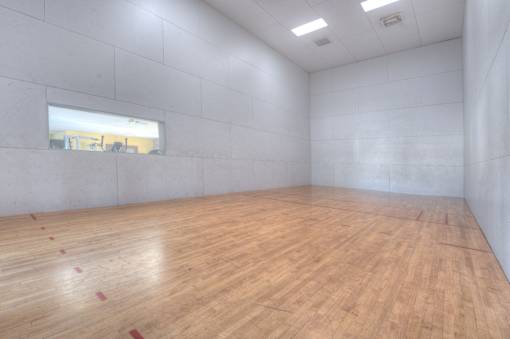 A room with wooden flooring and a window.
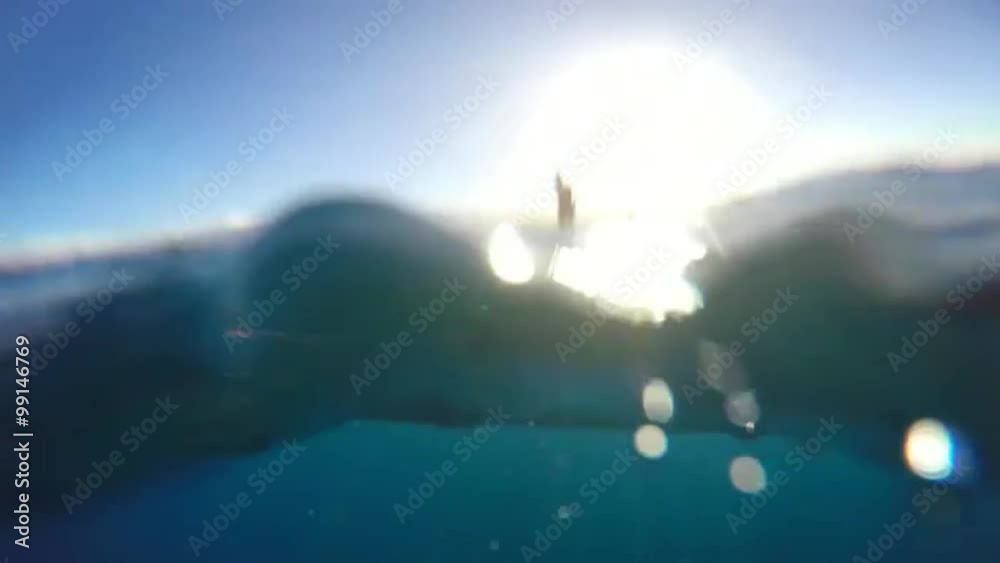 Young Attractive Woman Stand Up Paddle Boarding in Blue Ocean Young Attractive Woman Stand Up Paddle Boarding in Blue Ocean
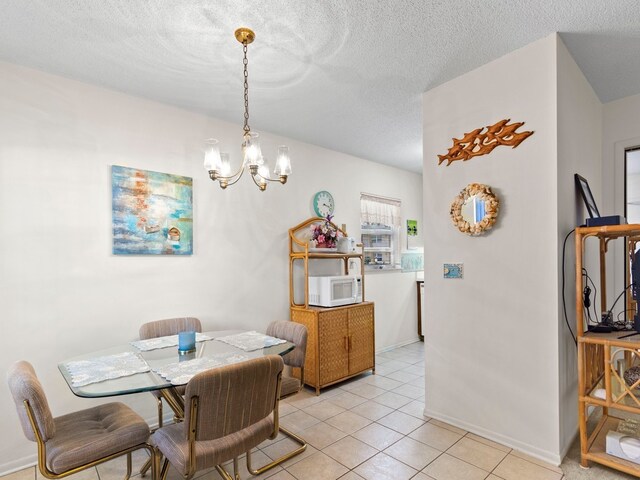 tiled dining room featuring a textured ceiling and a notable chandelier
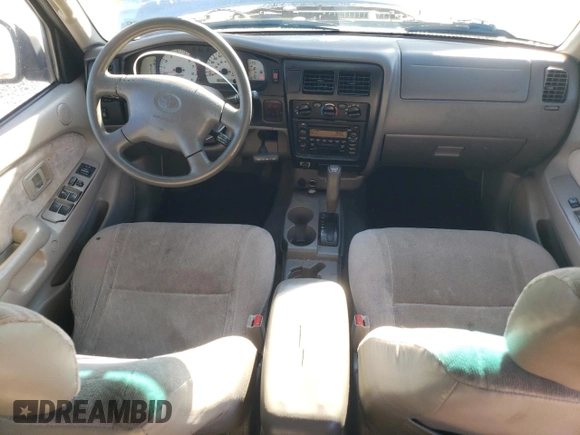 2003 Toyota Tacoma PreRunner z VIN 5TEGM92N33Z215411, wystawiony jako Copart lot #49573225 z przebiegiem 255 517 mil mil oraz Czysty tytuł • Clean title. Historia ofert i sprzedaży dostępna na DreamBid. Obrazek 8.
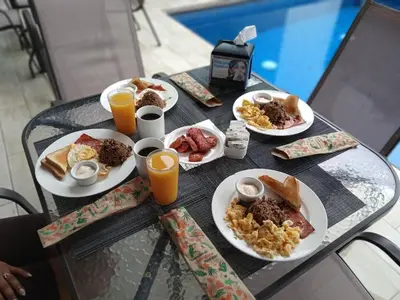 a table with plates of breakfast food and orange juice at Villas Fortuna Boutique in Fortuna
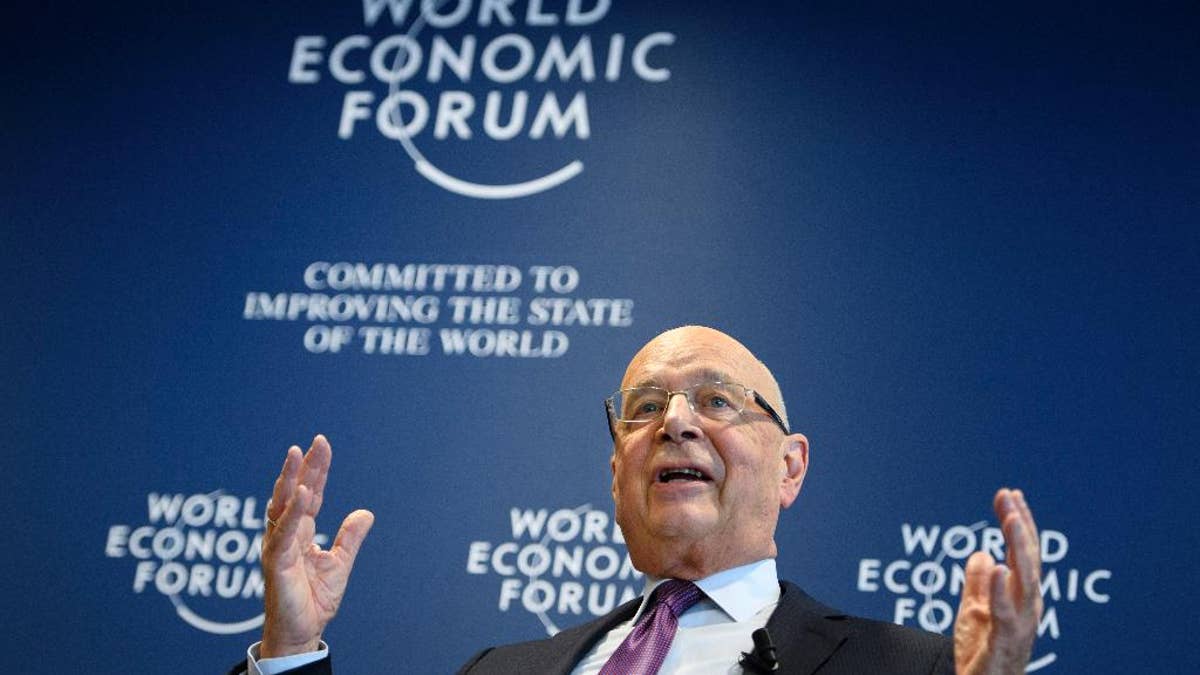 German Klaus Schwab, founder and president of the World Economic Forum, WEF, gestures during a press conference, in Cologny near Geneva, Switzerland, Tuesday, Jan. 10, 2017. The World Economic Forum unveiled the program for its annual meeting in Davos, Switzerland, including the key participants, themes and goals. The overarching theme of the meeting, which will take place from Jan. 17 to 20, is "Responsive and Responsible Leadership". (Laurent Gillieron/Keystone via AP)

● **Exercise instructions**
In this exercise, set down all of the data exactly, without the pictures.

● **Task solution**
 A room with wooden flooring and a window.
 Young Attractive Woman Stand Up Paddle Boarding in Blue Ocean Young Attractive Woman Stand Up Paddle Boarding in Blue Ocean
 tiled dining room featuring a textured ceiling and a notable chandelier
 2003 Toyota Tacoma PreRunner z VIN 5TEGM92N33Z215411, wystawiony jako Copart lot #49573225 z przebiegiem 255 517 mil mil oraz Czysty tytuł • Clean title. Historia ofert i sprzedaży dostępna na DreamBid. Obrazek 8.
 a table with plates of breakfast food and orange juice at Villas Fortuna Boutique in Fortuna
 German Klaus Schwab, founder and president of the World Economic Forum, WEF, gestures during a press conference, in Cologny near Geneva, Switzerland, Tuesday, Jan. 10, 2017. The World Economic Forum unveiled the program for its annual meeting in Davos, Switzerland, including the key participants, themes and goals. The overarching theme of the meeting, which will take place from Jan. 17 to 20, is "Responsive and Responsible Leadership". (Laurent Gillieron/Keystone via AP)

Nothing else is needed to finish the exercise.